Напоследок хочу сказать о декорации Ларисы Ломакиной. Она как будто чисто функциональна. Стенка поворачивается к зрителю то одной стороной, то другой, и мы попадаем то в дом Мотыльковых, то в кабинет строгого партийного начальника. Все выполнено в светло-зеленых приглушенных тонах, почти безликих. В кабинете начальника — две шторы по бокам того, что должно быть окном, но самого окна нет.
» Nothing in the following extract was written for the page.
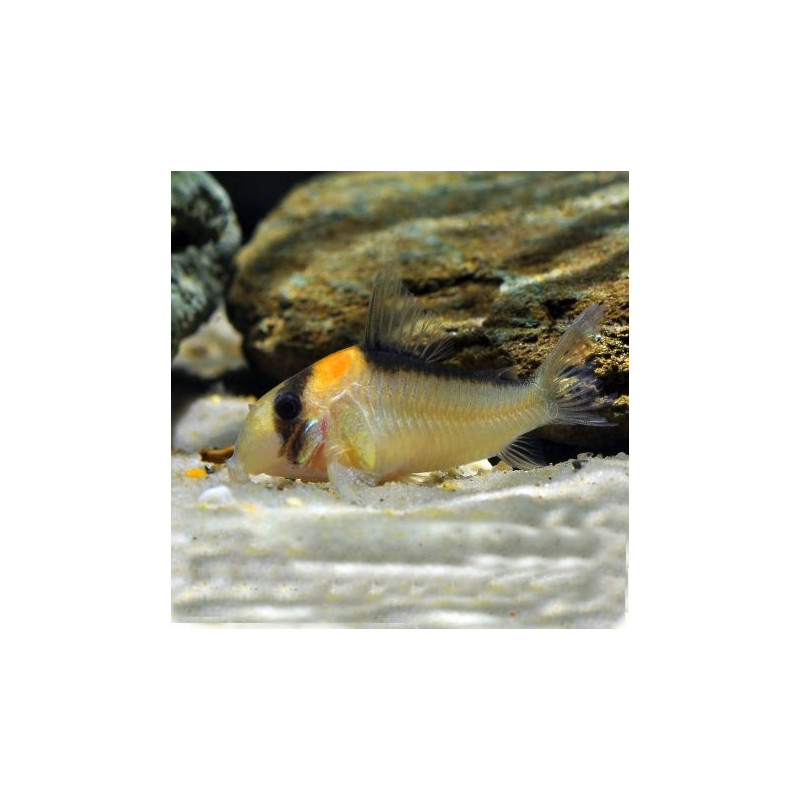 Corydoras Adolfoi 8,50 €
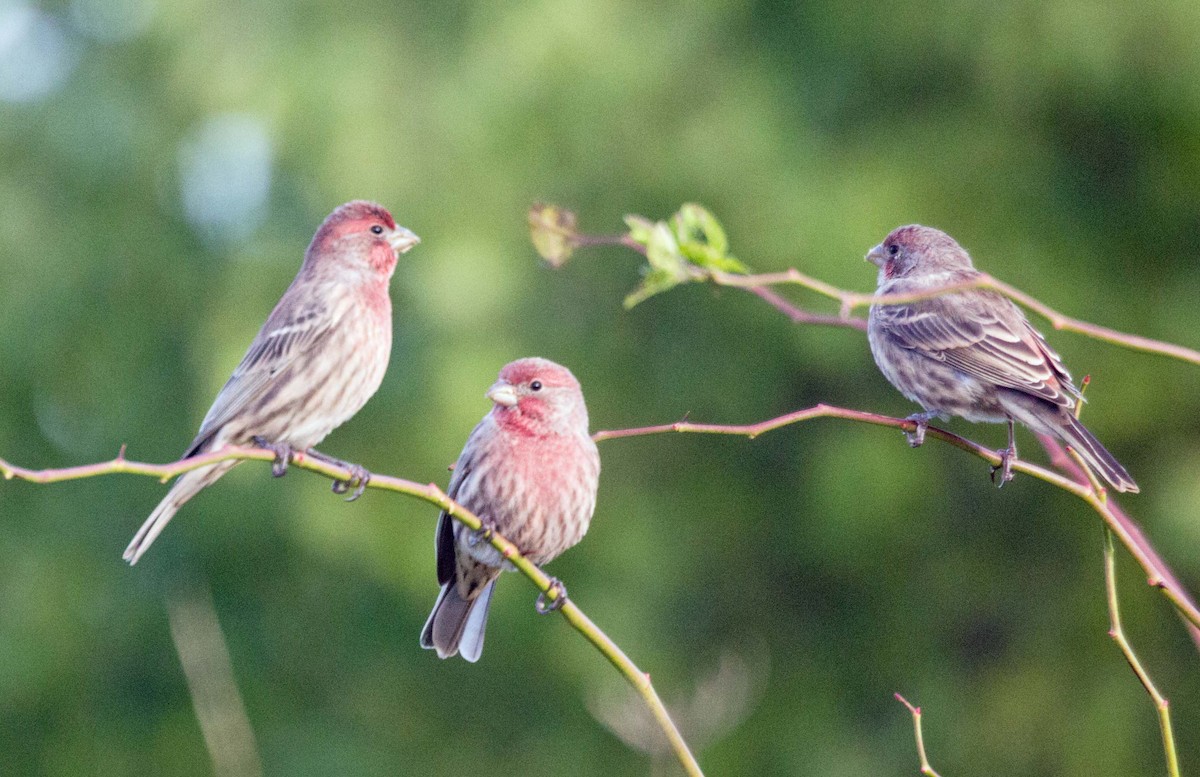 House Finch - ML36750491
И эта единственная деталь, возможно и непредумышленная, подсказывает, что мир, изображенный в спектакле, наглухо замкнут, заколочен и поэтому мы не видим за окном ни неба, ни улицы, которая бы доносила дыхание реальной жизни.
Меня поражал профессионализм К. Богомолова в “Идеальном муже”, потом в “Карамазовых”, да и других работах. В его спектаклях много игры, иронии, провокаций, едких разоблачений того, что традиционно почиталось святым, и беззастенчивого превозношения того, о чем говорить со сцены было неприличным, и при всем при этом — умения сохранять устойчивость между двух крайностей и не занимать ни одну из противоположных позиций. Но время такой игры как будто подходит к концу. Боюсь, что из крайностей нам придется выбирать что-нибудь одно.